A couple of weeks ago, I decided to retire my service dog.

He had been working by my side for three years, and the decision, while not an easy one, was decidedly necessary. My dog is a great dog, and was a great working dog. He learned tasks quickly and naturally—many of his more frequently used tasks weren’t even formally trained—he just naturally picked them up. He knows no strangers and is the most loving dog I have ever met. He was also extremely in-tune to my emotions and physical feelings, as well as all those around me. He picked up diabetic alerting from his trainer’s alert dog and would not leave my friend’s side on a bad pain day, to name a few examples. It should be no question why I loved him so much as a service dog, and why he worked for so long. However, he also had many issues that interfered with his abilities to work safely and effectively as a service dog.

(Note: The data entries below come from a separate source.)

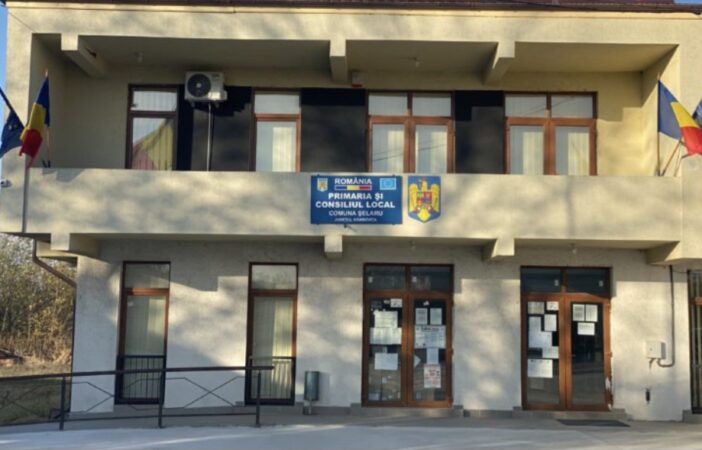 Primarul comunei Șelaru, condamnat la închisoare în primă instanță pentru angajări ilegale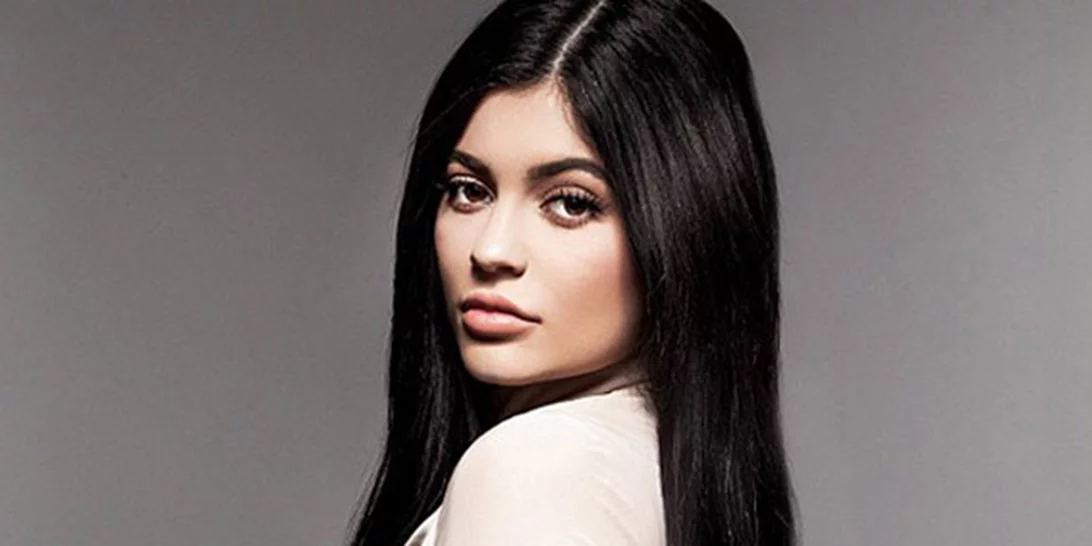 Kylie Jenner: Είναι πλέον... ξανθιά!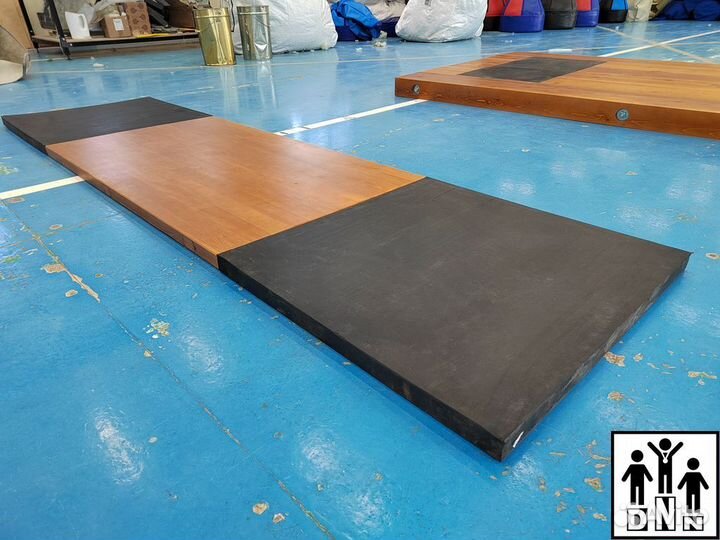 Помост для становой тяги компактный с морением DNN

My dog has always been very sensitive to gear.

Any gear other than a collar on him will cause him to shut down, sometimes to the point of not wanting to even move, let alone work. Eventually, I managed to get him beyond this issue—for the most part—with his most frequently used pieces of gear with counter-conditioning and desensitization. But he still stress-panted and had trouble settling a lot. He never seemed truly happy working, unless he was completely naked other than a leash and collar. However, being a mobility dog, this wasn’t something that was feasible most of the time.


Being such a sensitive dog means that any negative experience impacts him much more severely than it would for a lot of other dogs.

He had a few bad run-ins with other dogs, and for most of his life, he was okay with dogs and had a few doggy friends. Unfortunately, after his most recent encounter, it seemed that he was pushed beyond his breaking point and he could no longer handle the sight of any dog—big, small, male, female, hyper, or calm—from any distance, and he just seemed unsafe to continue bringing in public.


While the decision was difficult for me to make, it was the safest, and most ethical, decision to make.

Luckily, my health has seemed to plateau for now, and I am at a point in my life where I am able to manage without a service dog. My dog is still confused at times why he can no longer come with me. He did not get the luxury of being eased into retirement at an elderly age while I trained a new puppy. He was immediately and suddenly retired, so it has been a drastic change for both of us to get used to. I still spend lots of time with him outside of the house and we go on more walks than we used to, so he is definitely still enjoying himself and enjoying retirement. I am lucky to have a good support system, both in the online service dog world, and in my real life, full of people who encouraged me to do the best for both of us. Retirement is never the easy decision, but for us it was the right one.